Eventually she translated those experiences into a job, and was hired on as the director of a university’s Women’s Services and Resource Center.
“There, I focused on some of the really hard issues like sexual assault and domestic violence, but also the positives of women pursuing an education and making a difference in the workforce,” said Tiffany.
Now, Tiffany has a new role at the same university as the Title IX coordinator. She focuses on overall gender equality for women, as well as domestic violence and sexual assault. She also volunteers with a special victims task force and a sexual assault task force.

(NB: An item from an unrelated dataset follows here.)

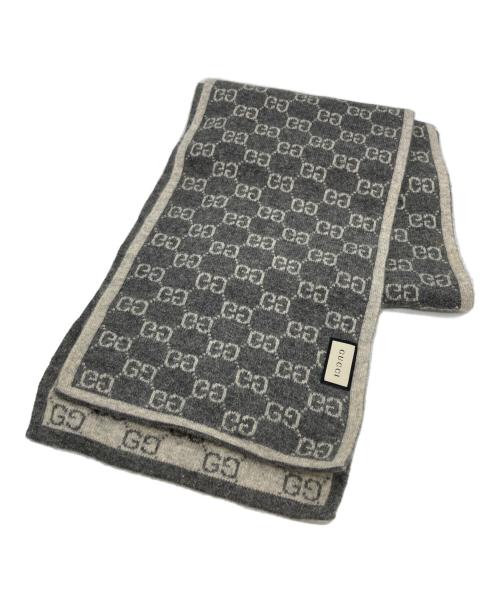 GUCCI（グッチ）GUCCI (グッチ) リバーシブルカシミヤマフラー グレー×ベージュの古着・服飾アイテム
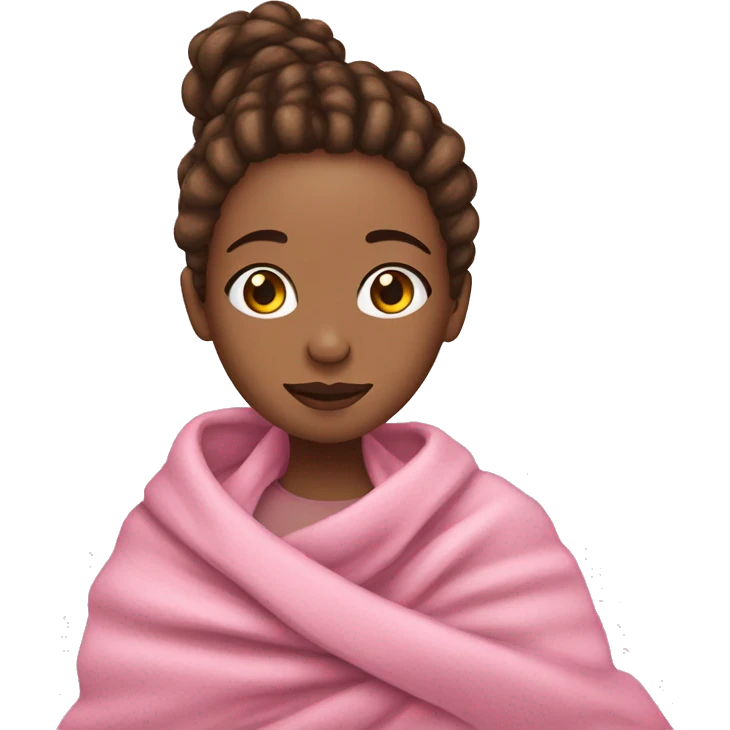 girl with brown dread loc hair and light skin cuddled in a pink blanket emoji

Tiffany admits there have been some cases that have been strikingly similar to hers, causing her to take a step back to let a co-worker take over.
“It takes a real concerted effort on my part to make sure that I am able to do all of the self care that I need to do,” said Tiffany. “I recognize that I’m not effective if I’m being triggered, and so making sure that I’m taking care of myself and recognizing what I can and can’t do is important.”
Through every triggering, discouraging, or difficult moment that comes with her advocacy work, Tiffany says it’s her desire to give back to those who helped her that keeps her going.
“I don’t think any of us can get very far in our journey without the help of other people, especially other strong women,” said Tiffany. “So for me, whenever I get discouraged, which happens in this line of work probably daily — just feeling like I’m not doing enough and I could be doing more — I just think about the people who helped me and how they were able to help me get through it.”
While her own experience with sexual assault is a critical part of Tiffany’s story, it certainly isn’t what defines her. She has found the strength to use the most difficult, terrible experience of her life to help others, and says even the most challenging days are worth it if there is just one person that she can help on their path to healing.
To anyone else doing advocacy work, or trying to change the world for the better, Tiffany advises trying to trust that you are making a difference, even if you don’t always get to see the results.
“Recognize the impact you can have, even just on one life,” said Tiffany. “It might be a kind word, it might be working through a case, it might be connecting someone to a resource. Whatever you’re doing is making a difference.”
Tiffany hopes to continue improving the campus environment for thousands of female students every year, and help those impacted by sexual violence heal from their trauma.
About “In Her Shoes” by Journee Collection
In celebration of International Women’s Day and Women’s HERstory month, we are sharing stories of some incredible women who do what they can to empower and inspire other women. We hope that by sharing what it’s like to walk “In Her Shoes,” even more people will be encouraged to become the best version of themselves, and move others to do the same.